YOUR ASSIGNMENT:
Nothing but the pictures may be dropped; the rest of the listing is to be written out exactly.

SUPPLIED INFORMATION:
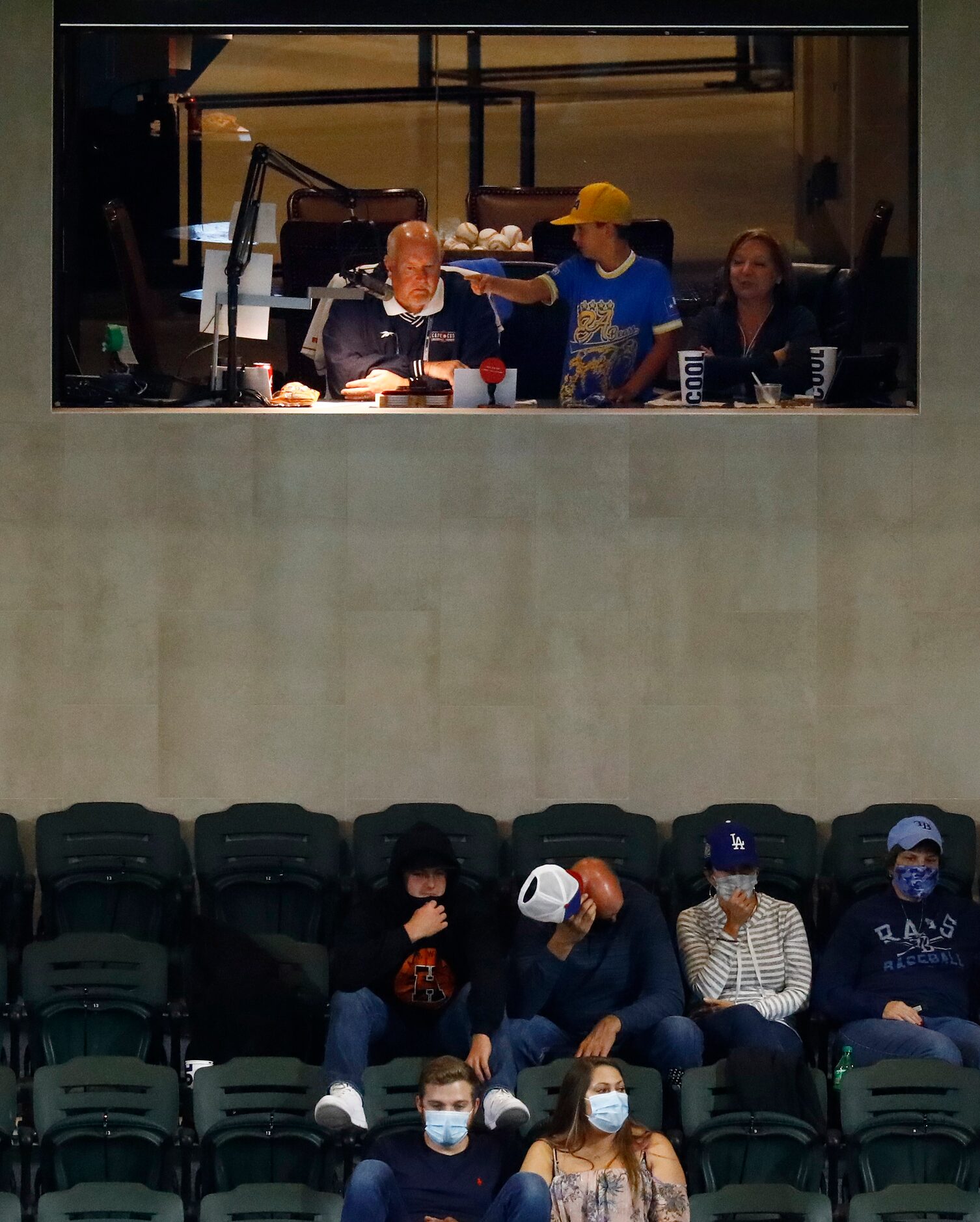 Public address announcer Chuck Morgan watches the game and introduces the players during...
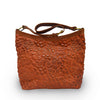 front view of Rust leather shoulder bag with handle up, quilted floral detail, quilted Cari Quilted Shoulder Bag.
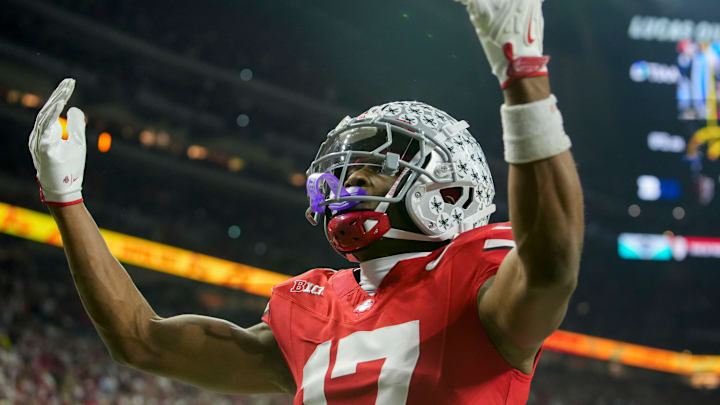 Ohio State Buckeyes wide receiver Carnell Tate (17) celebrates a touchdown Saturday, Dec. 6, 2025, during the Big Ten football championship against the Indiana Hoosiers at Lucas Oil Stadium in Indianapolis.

TASK SOLUTION:
 Public address announcer Chuck Morgan watches the game and introduces the players during...
 front view of Rust leather shoulder bag with handle up, quilted floral detail, quilted Cari Quilted Shoulder Bag.
 Ohio State Buckeyes wide receiver Carnell Tate (17) celebrates a touchdown Saturday, Dec. 6, 2025, during the Big Ten football championship against the Indiana Hoosiers at Lucas Oil Stadium in Indianapolis.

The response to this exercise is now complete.